**MATERIAL PROVIDED**.
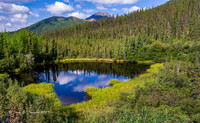 Yukon Wilderness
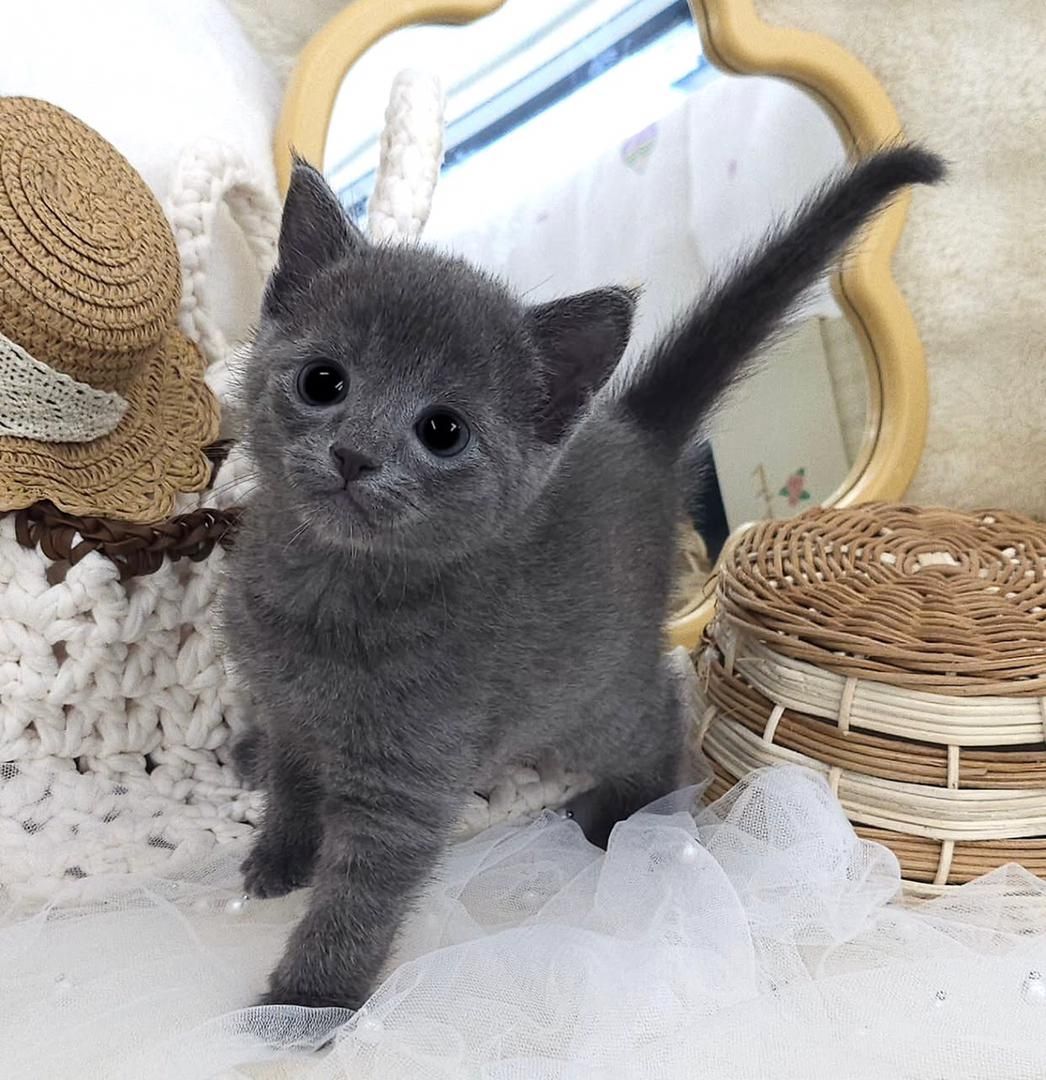 Wunderschöne Russisch Blau Kätzchen abzugeben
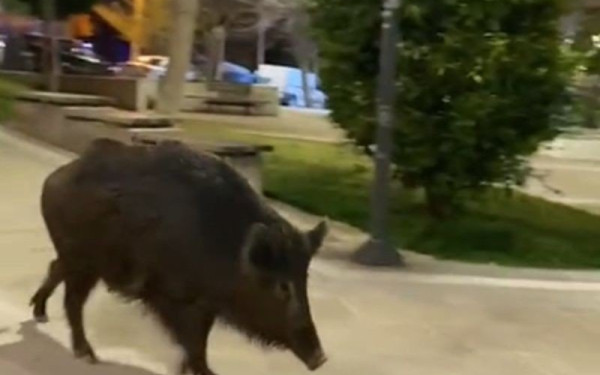 Θεσσαλονίκη: Αγριογούρουνο βολτάρει αμέριμνο στην... πλατεία της Τριανδρίας (βίντεο)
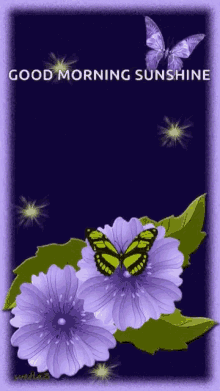 Good Morning Purple Flower GIF - Good Morning Purple Flower Butterflies GIFs
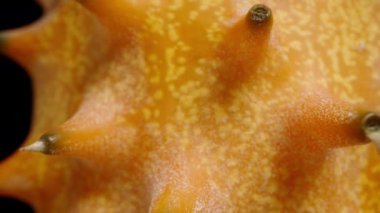 Kiwano, portakallı Afrika salatalığı. Siyah bir arka planda izole edilmiş. Makro yakınlaştırma.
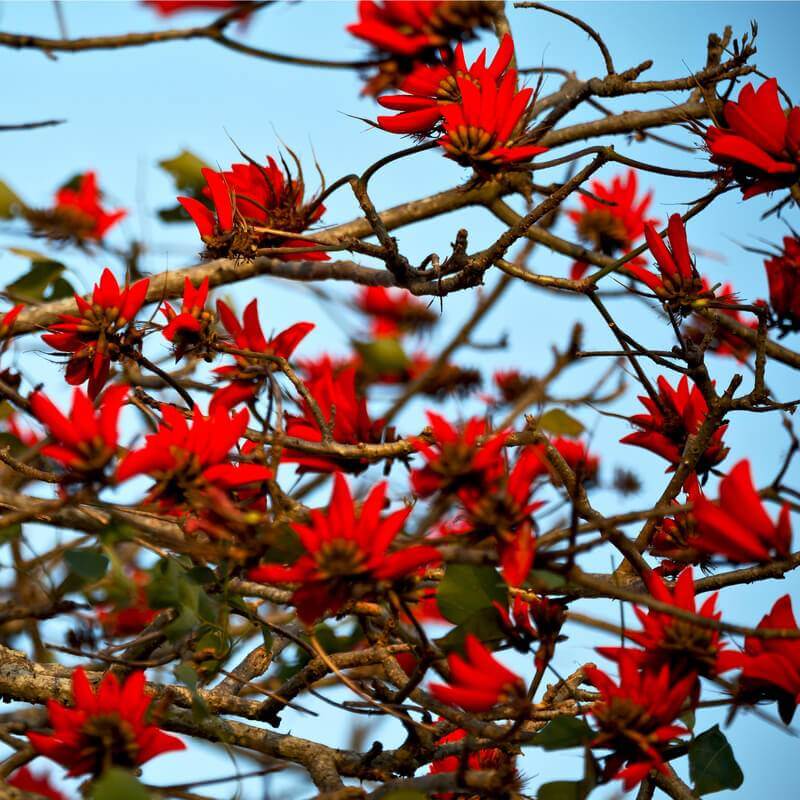 Erythrina Caffra Seeds (Coastal Coral Tree) 3 R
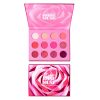 ABSOLUTE NEW YORK ROSE MUSE 12 COLOR MULTI FORMULA PALETTE 0.85 G X 12 MESP07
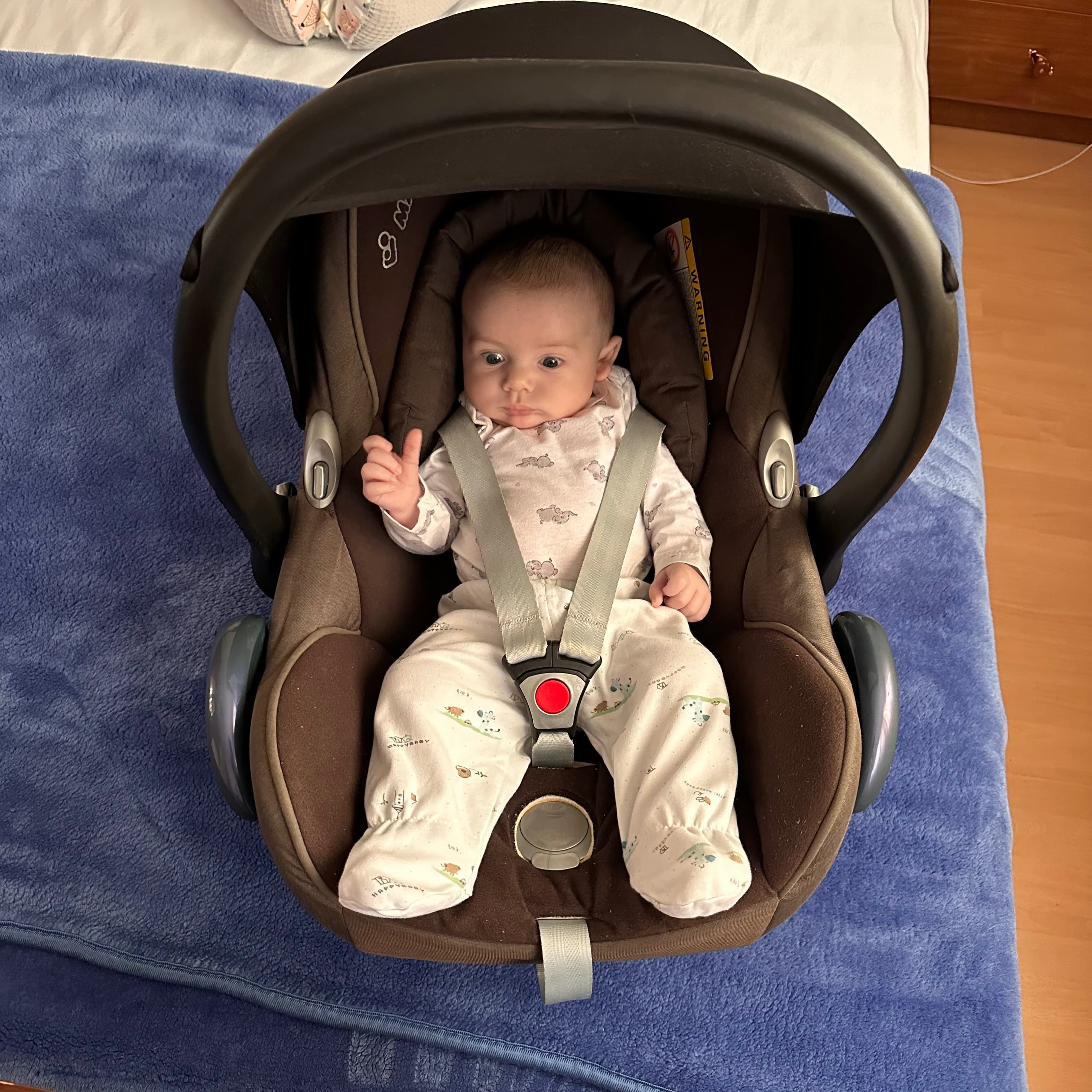 Stoller, Isofix Car Seat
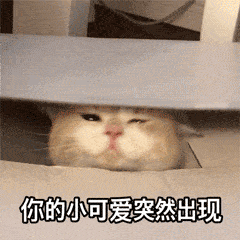 你的小可爱突然出现小宝贝我来了(喵星人动态表情包)来 亲一个(喵星人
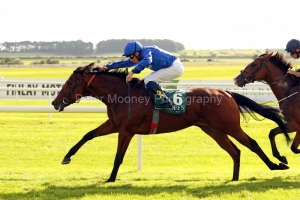 16 September 2018:  QUORTO, William Buick up, proves to be too good for Anthony Van Dyck, Ryan Moore up, in The Goffs Vincent O'Brien National Stakes at The Curragh.© Peter Mooney, 59 Upper George's Street, Dun Laoghaire, Co. Dublin, Ireland.    Tel:  00 353 (0)86 2589298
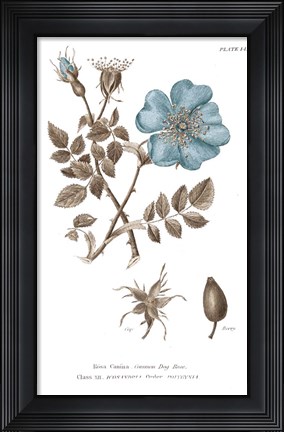 Framed Conversations on Botany IV on White with Blue Print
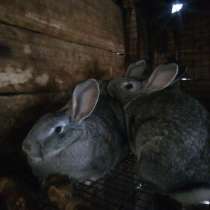 Кролики советские, в Киселевске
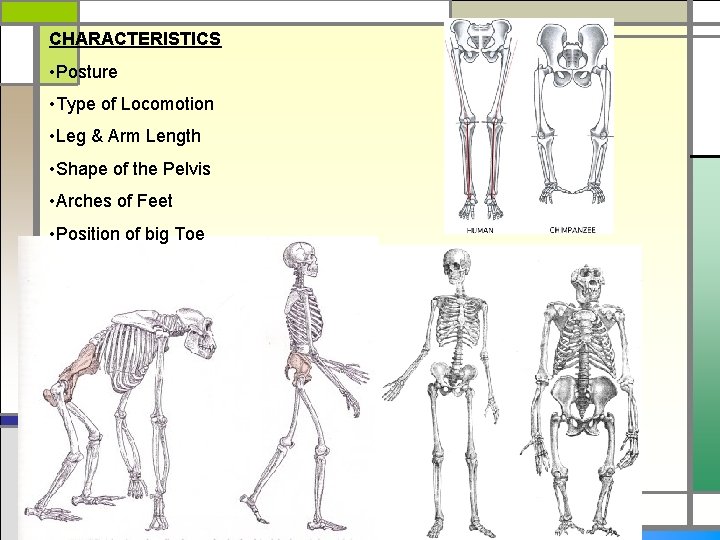 CHARACTERISTICS • Posture • Type of Locomotion • Leg & Arm Length • Shape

**WORK INSTRUCTION**. Look above for the line containing "ABSOLUTE NEW YORK", then copy exactly from it through the line containing "你的小可爱突然出现小宝贝我来了(喵星人动态表情包)来 亲一个(喵星人", keeping both and leaving out pictures. Add nothing else.

**ANSWER BOX**.
 ABSOLUTE NEW YORK ROSE MUSE 12 COLOR MULTI FORMULA PALETTE 0.85 G X 12 MESP07
 Stoller, Isofix Car Seat
 你的小可爱突然出现小宝贝我来了(喵星人动态表情包)来 亲一个(喵星人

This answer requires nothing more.